◆ Your task
Set down the data below in full, exactly as it reads, but without the pictures.

◆ Data provided
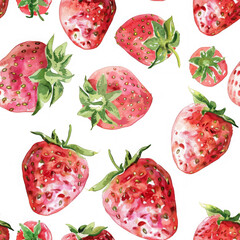 A craft seamless repeating pattern of strawberries in pastel watercolor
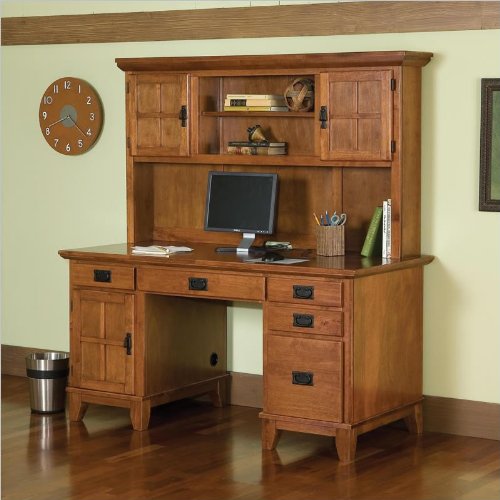 Home Style 5180-184 Arts and Crafts Double Pedestal Desk and Hutch, Cottage Oak Finish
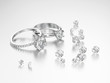 3D illustration two different white gold or silver decorative diamond rings and group of diamonds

◆ Task result
 A craft seamless repeating pattern of strawberries in pastel watercolor
 Home Style 5180-184 Arts and Crafts Double Pedestal Desk and Hutch, Cottage Oak Finish
 3D illustration two different white gold or silver decorative diamond rings and group of diamonds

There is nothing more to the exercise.